THE TASK
Retype, please, the listing from its opening line through the line that contains "Kek Vendeghaz Family", both included, without the pictures.

Start of AVAILABLE DATA

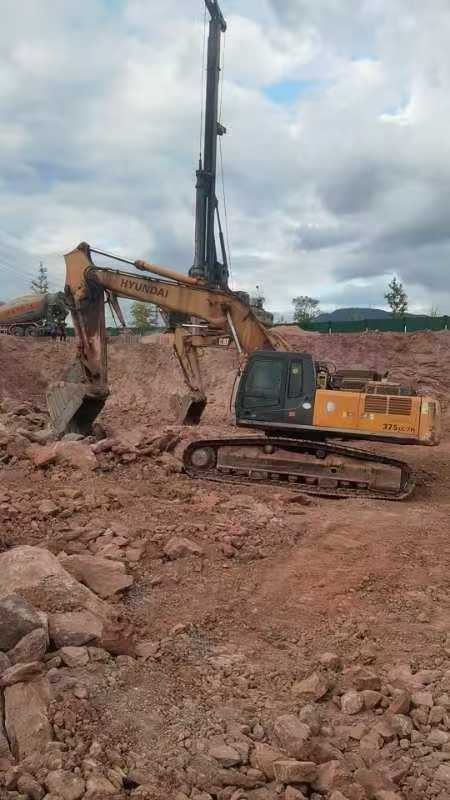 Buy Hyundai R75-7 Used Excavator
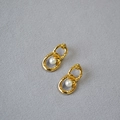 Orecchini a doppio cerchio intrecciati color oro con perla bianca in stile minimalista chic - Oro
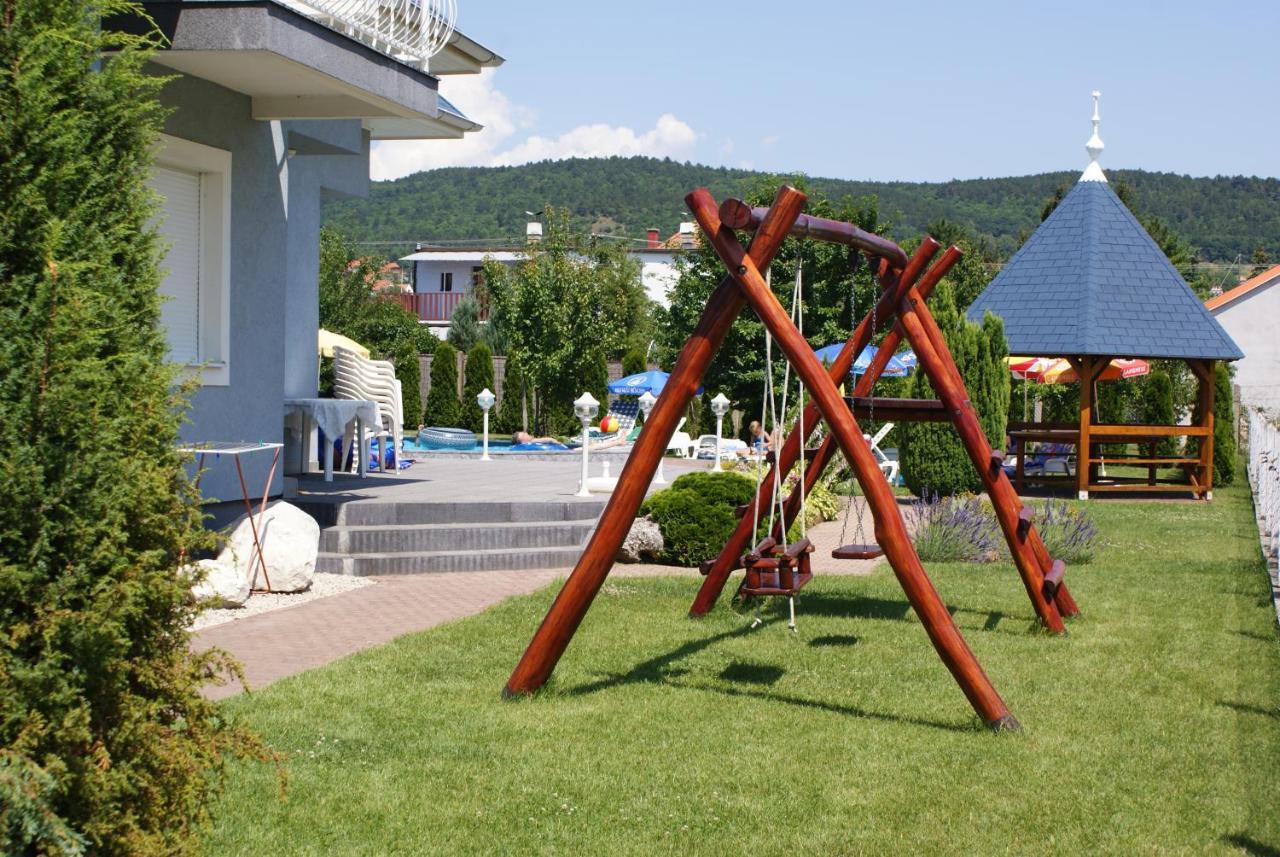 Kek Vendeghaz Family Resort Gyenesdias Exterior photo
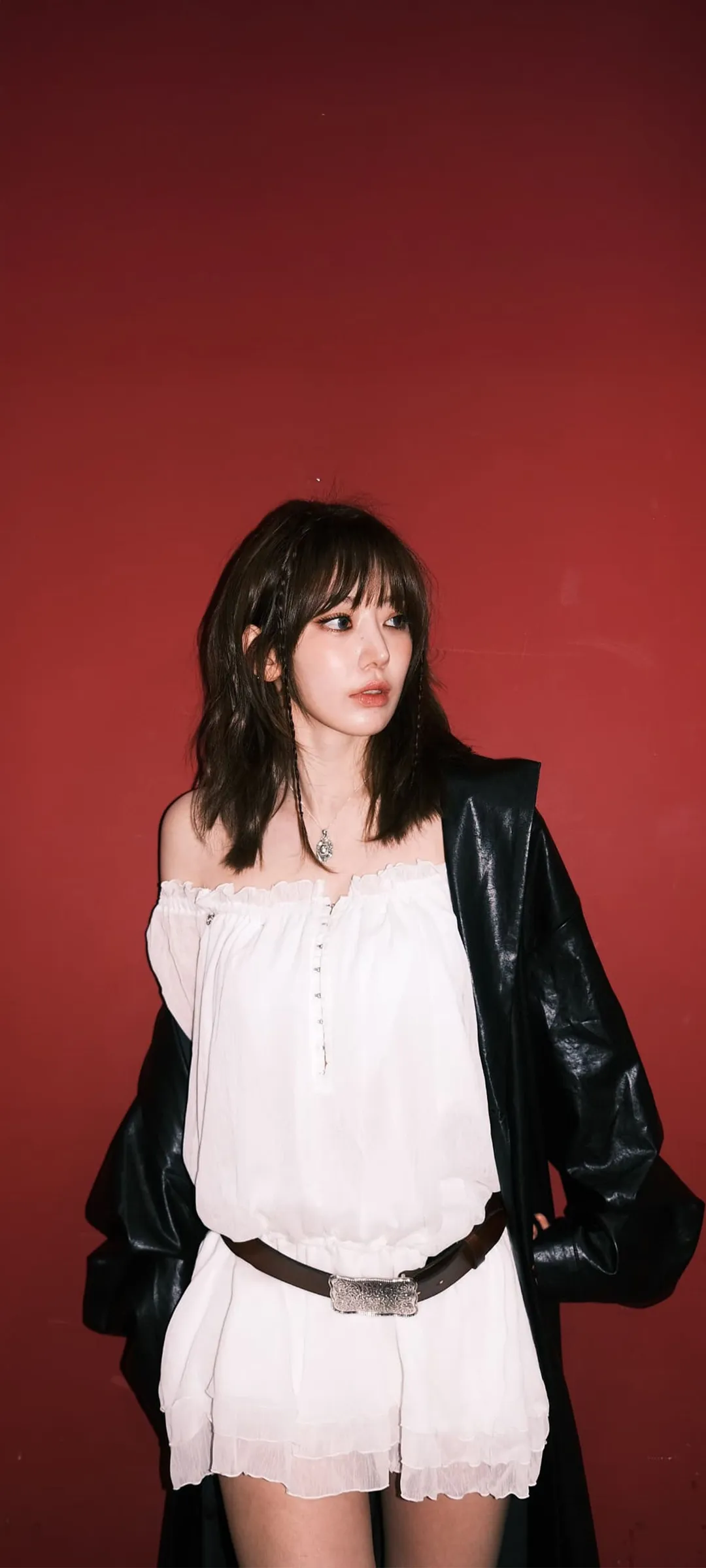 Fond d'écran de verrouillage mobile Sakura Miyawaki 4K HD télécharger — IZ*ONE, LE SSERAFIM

End of AVAILABLE DATA

THE COMPLETED TASK
 Buy Hyundai R75-7 Used Excavator
 Orecchini a doppio cerchio intrecciati color oro con perla bianca in stile minimalista chic - Oro
 Kek Vendeghaz Family Resort Gyenesdias Exterior photo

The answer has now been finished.